In July 1958, Kuytun was incorporated to Karamay from Wushi County. On March 25, 1975, the XPCC was withdrawn, the 7th Division with its farms and enterprises were devolved to the local administration. On August 29, 1975, the county-level city of Kuytun was approved to establish from Karamay.
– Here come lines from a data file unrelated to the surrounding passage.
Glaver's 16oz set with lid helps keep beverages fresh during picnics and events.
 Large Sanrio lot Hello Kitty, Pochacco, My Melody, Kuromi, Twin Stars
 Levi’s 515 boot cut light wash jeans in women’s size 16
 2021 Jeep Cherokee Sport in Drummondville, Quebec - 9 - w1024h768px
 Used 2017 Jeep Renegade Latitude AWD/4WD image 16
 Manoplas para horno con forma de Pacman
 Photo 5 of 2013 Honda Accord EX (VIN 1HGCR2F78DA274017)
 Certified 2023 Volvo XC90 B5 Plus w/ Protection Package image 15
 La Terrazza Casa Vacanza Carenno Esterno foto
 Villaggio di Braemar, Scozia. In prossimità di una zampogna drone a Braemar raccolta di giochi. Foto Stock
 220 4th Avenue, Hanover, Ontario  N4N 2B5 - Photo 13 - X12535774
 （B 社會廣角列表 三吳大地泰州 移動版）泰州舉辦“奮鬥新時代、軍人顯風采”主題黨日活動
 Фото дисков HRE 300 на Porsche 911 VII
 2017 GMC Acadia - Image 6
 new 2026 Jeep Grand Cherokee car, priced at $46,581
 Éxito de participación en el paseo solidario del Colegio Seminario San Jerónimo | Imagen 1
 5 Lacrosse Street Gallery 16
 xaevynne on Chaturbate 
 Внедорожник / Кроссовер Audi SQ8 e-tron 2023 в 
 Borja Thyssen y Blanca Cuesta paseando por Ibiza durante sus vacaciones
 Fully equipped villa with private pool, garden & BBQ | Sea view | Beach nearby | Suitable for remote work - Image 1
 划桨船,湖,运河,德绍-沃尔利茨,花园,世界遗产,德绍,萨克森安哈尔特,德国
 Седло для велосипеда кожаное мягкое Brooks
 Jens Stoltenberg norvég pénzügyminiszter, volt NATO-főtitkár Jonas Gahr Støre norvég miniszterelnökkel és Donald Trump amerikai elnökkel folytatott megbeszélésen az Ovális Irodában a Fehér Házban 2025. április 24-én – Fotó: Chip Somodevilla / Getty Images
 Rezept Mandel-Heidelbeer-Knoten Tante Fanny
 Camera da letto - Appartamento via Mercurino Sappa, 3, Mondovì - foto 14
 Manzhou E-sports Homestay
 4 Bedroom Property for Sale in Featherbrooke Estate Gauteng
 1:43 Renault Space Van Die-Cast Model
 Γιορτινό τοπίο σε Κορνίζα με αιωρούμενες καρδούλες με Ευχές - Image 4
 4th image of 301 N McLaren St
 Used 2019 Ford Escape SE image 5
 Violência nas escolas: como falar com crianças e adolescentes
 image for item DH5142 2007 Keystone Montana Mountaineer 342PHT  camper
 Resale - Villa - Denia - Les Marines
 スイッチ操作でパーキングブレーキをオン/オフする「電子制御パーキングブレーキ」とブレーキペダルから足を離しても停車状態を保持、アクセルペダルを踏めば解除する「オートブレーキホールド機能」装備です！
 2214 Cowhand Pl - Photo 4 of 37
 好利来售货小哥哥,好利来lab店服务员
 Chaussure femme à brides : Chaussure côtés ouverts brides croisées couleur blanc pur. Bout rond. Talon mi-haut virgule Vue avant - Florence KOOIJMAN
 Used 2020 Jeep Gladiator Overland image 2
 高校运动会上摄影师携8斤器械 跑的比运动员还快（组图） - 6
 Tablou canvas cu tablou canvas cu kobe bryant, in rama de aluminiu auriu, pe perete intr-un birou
Kuytun Bureau of Farms and Land Reclamation (伊犁州奎屯农垦局) was incorporated in July 1978. Based on Kuytun Bureau of Farms and Land Reclamation, the 7th Agricultural Construction Division (兵团农七师) was officially restored to form in April 1982. the 7th Agricultural Construction Division of the XPCC (新疆生产建设兵团农业建设第七师; abbreviation for 兵团农七师) was approved to rename as the present 7th Division of the XPCC by the State Commission Office for Public Sector Reform on October 25, 2012.